Биолог залипал. Что-то бормотал, просыпался, опять уходил. Мы с Мишей неторопливо и деловито разделывались с водкой. – Что с ним? – спросил я. – Не знаю. Разбудим и пошлем на хуй, – предложил Миша. Вдруг Биолог очнулся. – Довезите до города, парни. А я вам сотню заплачу. Миша повертел головой: вправо, влево, вверх, вниз, наверное, оценивая своё состояние, и сказал: – Поехали. Мы из-за дома выехать не успели, а Биолог уже храпел. Миша несколько раз поворачивался, внимательно смотрел на Биолога, и я догадался, что у Миши на уме. – Не надо. Нельзя, Миша, – упрашивал я. Миша остановил машину. – Садись за руль, – сказал он. И перелез на заднее сидение. Я пересел за руль, хотя водить почти не умел. Пробовал несколько раз на отцовской "оке", и обычно трогался рывками, часто глох. Однако Мишин "бобон" стартанул гладко. – Получилось, – сказал я удивленно. – Тише, – сказал Миша. Бобон трясся подо мной и ехал как медленный танк. Мы проехали девятиэтажки – сердце поселка, проехали коттеджи и выехали на дорогу в город – финишную прямую. В зеркало я увидел, как Миша аккуратно шмонает Биолога. Нашел кошелек, достал его и через секунду положил обратно. Вот Миша всё сделал, и мы как раз приехали. Он был королём этой ночи: хранение и распространение легких наркотиков, вождение в нетрезвом виде и без прав, грабёж. Хотя у меня был этот же набор минус наркотики. Миша перелез на переднее сидение, оглядел себя, меня, Биолога, убедился, что все чисто сработано и вдруг резко сказал:
– Подъём! Приехали! Биолог не реагировал. Мы потрясли его, тогда он проморгался, увидел силуэты городских домов и сказал: – А дальше? – А дальше нельзя, – сказал Миша, – прав нет и водка с пивом. Биолог порылся по карманам, дал нам сотню, что-то там пробормотал и вышел. Миша развел руками, как бы завершая фокус. Я сказал: – Подожди минуту. Я вылез из машины. Помочился у обочины, глядя как Биолог неверным шагом идёт в город. Я застегнулся и вдруг, вскинув руки, со страшным воплем побежал за Биологом. Он повернулся на меня, ничего не понял, отвернулся, пошел дальше, опять повернулся, – я всё вопил и несся на него – и тут он испугался и побежал. Пару секунд я еще бежал за ним и орал, а потом резко остановился и пошел в машину. Миша уже пересел на водительское сиденье. Он удивленно разглядывал меня. – Мне не нравится, что он трахает Матвееву, – объяснил я своё поведение. – Может, и не трахает, – ответил Миша.

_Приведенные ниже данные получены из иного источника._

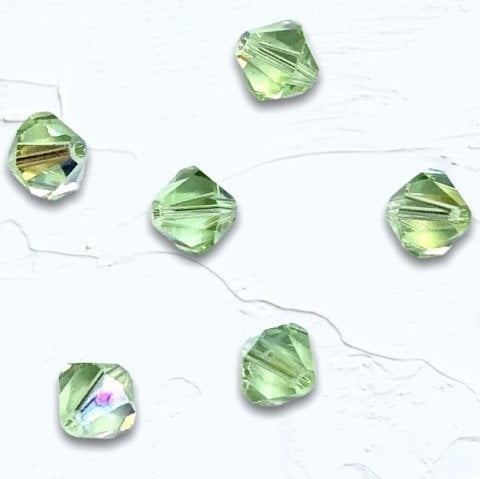 8mm. YEŞİL PİRAMİD ÇEK KRİSTALİ PAKET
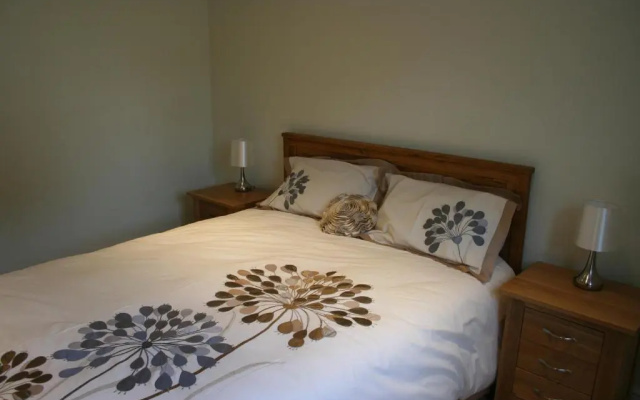 Highlands Apartment 5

Он пересчитал деньги и отдал мне половину. Я пожал плечами и взял купюры. Мы подняли по семьсот рублей. – Ты ему сколько оставил? – спросил я. – Больше, чем взял, не ссы. У него там целая зарплата. – Хорошо. Поехали, пожалуйста, домой, – сказал я. Вдруг усталость навалилась, как когда выходишь из речки. Вроде, пока бултыхаешься, не чувствуешь, что вымотался, а как выбираешься на сушу – мышцы как налиты свинцом. Мы поехали домой. Уже начало светать, немного тревожное утро, этот
неприятный тип, непонятно, откуда свалившийся, и ожидающий меня дома вербальный распездон. Хорошо, если Матвеева не привезла обратно свою девственность, когда ездила на море, думал я. Мне хотелось считать, что она не подарила это сокровище человеку, с которым нас зачем-то свела сегодняшняя ночь.